Task objective: In your copy of the data, keep every word exact and include no pictures.
--- Entries shown ---
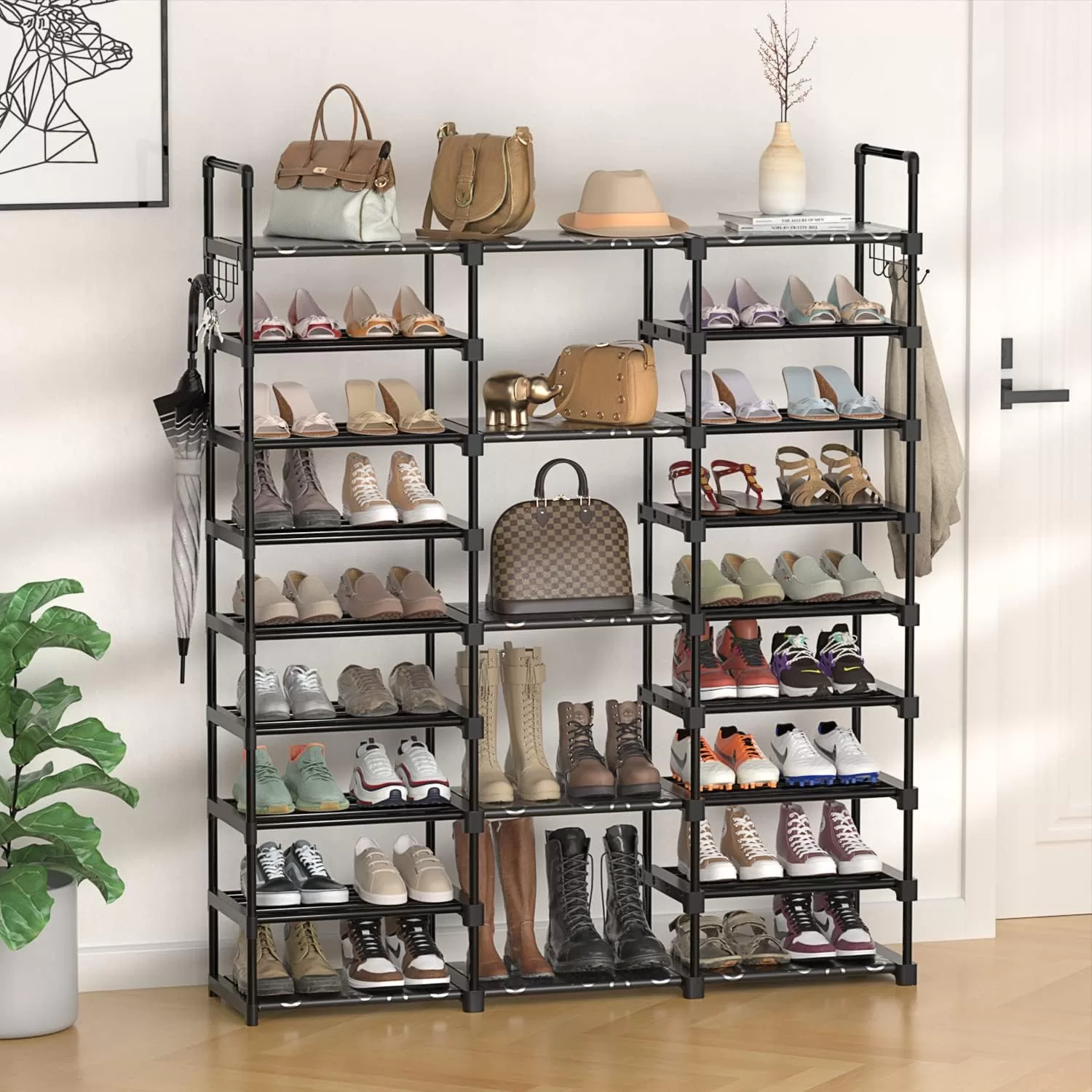 TIMEBAL 9 Tiers Shoe Rack Storage Organizer Shoe Shelf Organizer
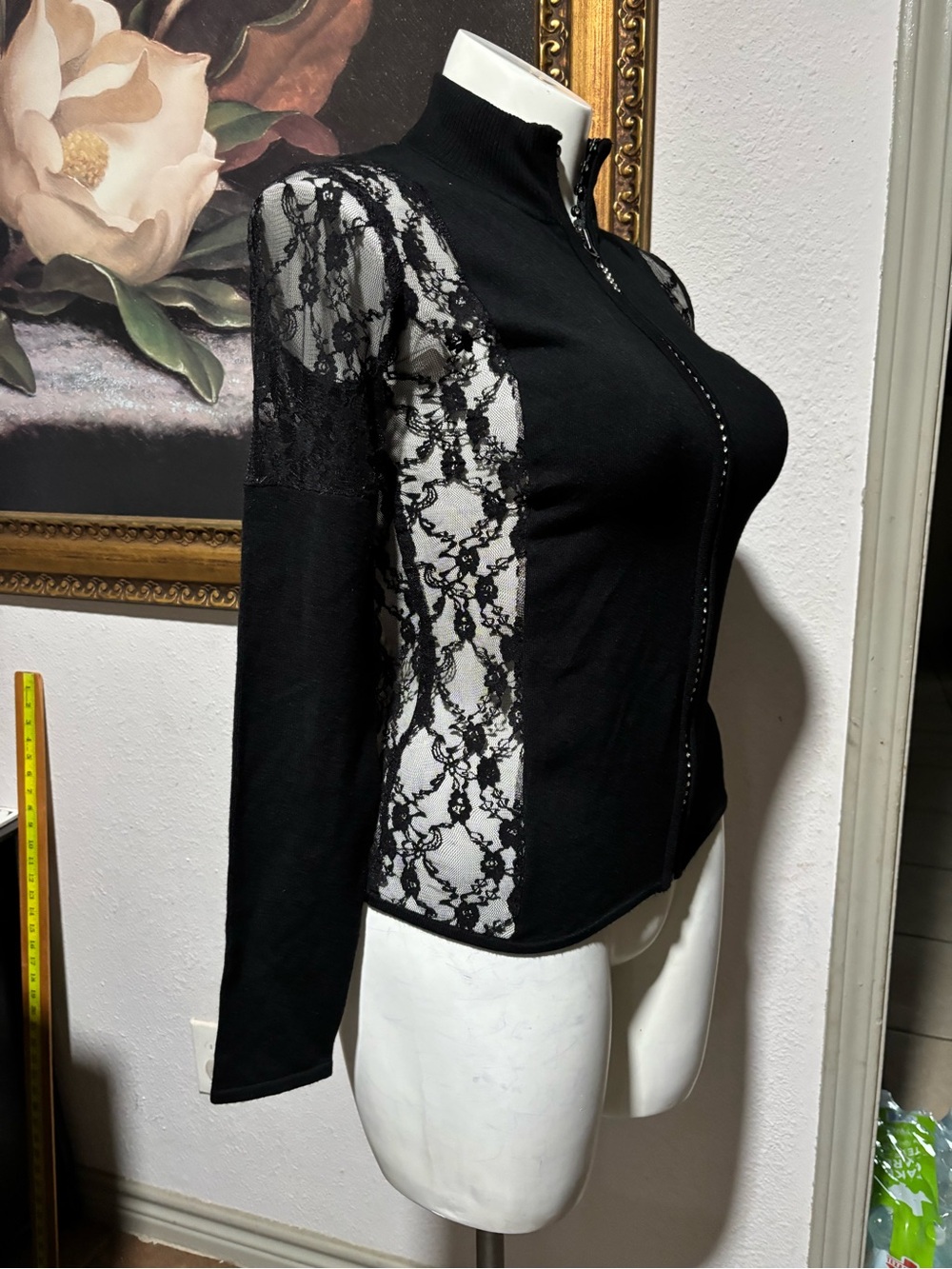 Belldini Black Lace-Panel Zip Cardigan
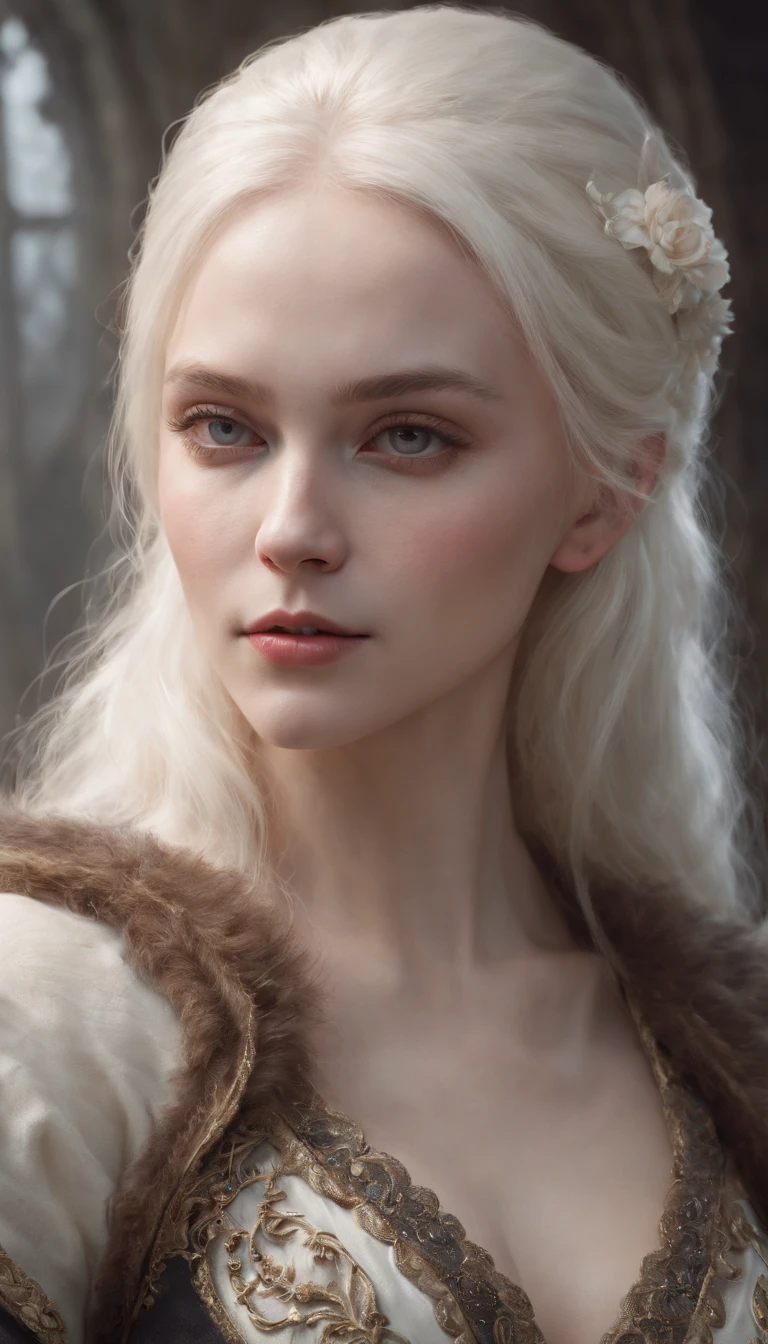 Rasil Style, Furry , Albino women, The upper part of the body、Perfect face with soft skin and nice perfect face, concept art portrait by greg rutkowski, ArtGerm, hyperdetailed intricately detailed gothic art trending on artstation triadic colors, Fantastical, intricate detailes, Splash Screen, Complementary color scheme, Fantasy concept art, 8K resolution, gothic deviantart masterpiece, Oil Painting, heavy strokes, No nudity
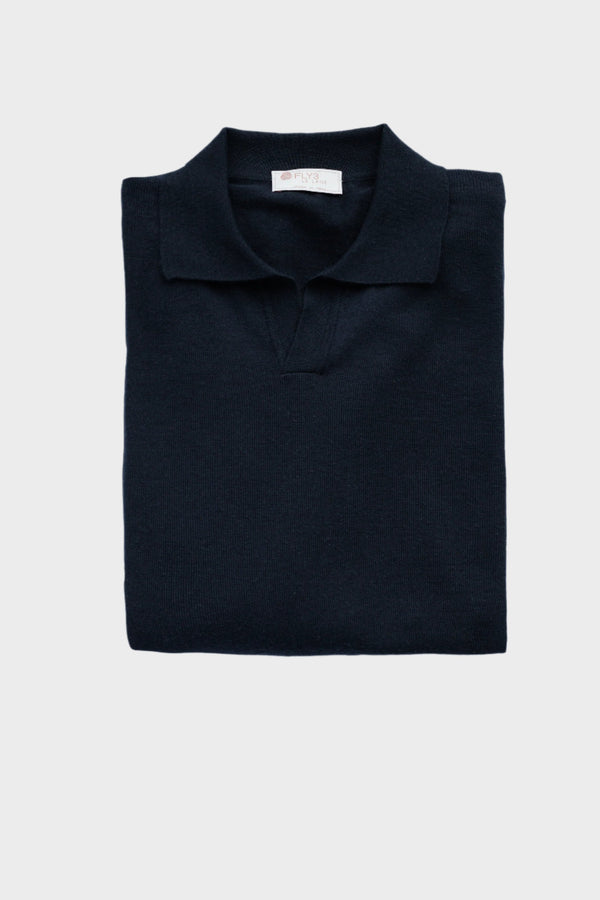 Merino Johnny Collar in Navy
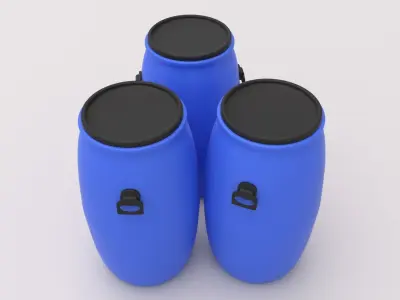 Round Plastic Barrel 02 3D model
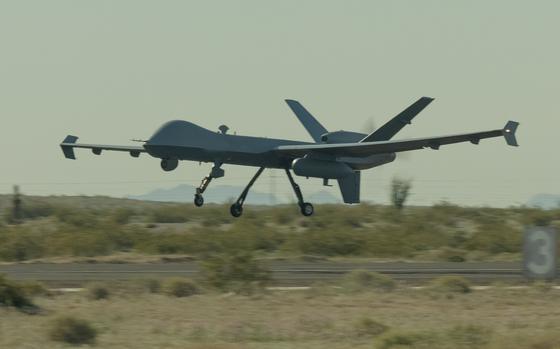 A Marine Corps MQ-9 Reaper drone takes off during a training exercise at Laguna Army Airfield, Arizona, on March. 26, 2024.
---
Answer:
 TIMEBAL 9 Tiers Shoe Rack Storage Organizer Shoe Shelf Organizer
 Belldini Black Lace-Panel Zip Cardigan
 Rasil Style, Furry , Albino women, The upper part of the body、Perfect face with soft skin and nice perfect face, concept art portrait by greg rutkowski, ArtGerm, hyperdetailed intricately detailed gothic art trending on artstation triadic colors, Fantastical, intricate detailes, Splash Screen, Complementary color scheme, Fantasy concept art, 8K resolution, gothic deviantart masterpiece, Oil Painting, heavy strokes, No nudity
 Merino Johnny Collar in Navy
 Round Plastic Barrel 02 3D model
 A Marine Corps MQ-9 Reaper drone takes off during a training exercise at Laguna Army Airfield, Arizona, on March. 26, 2024.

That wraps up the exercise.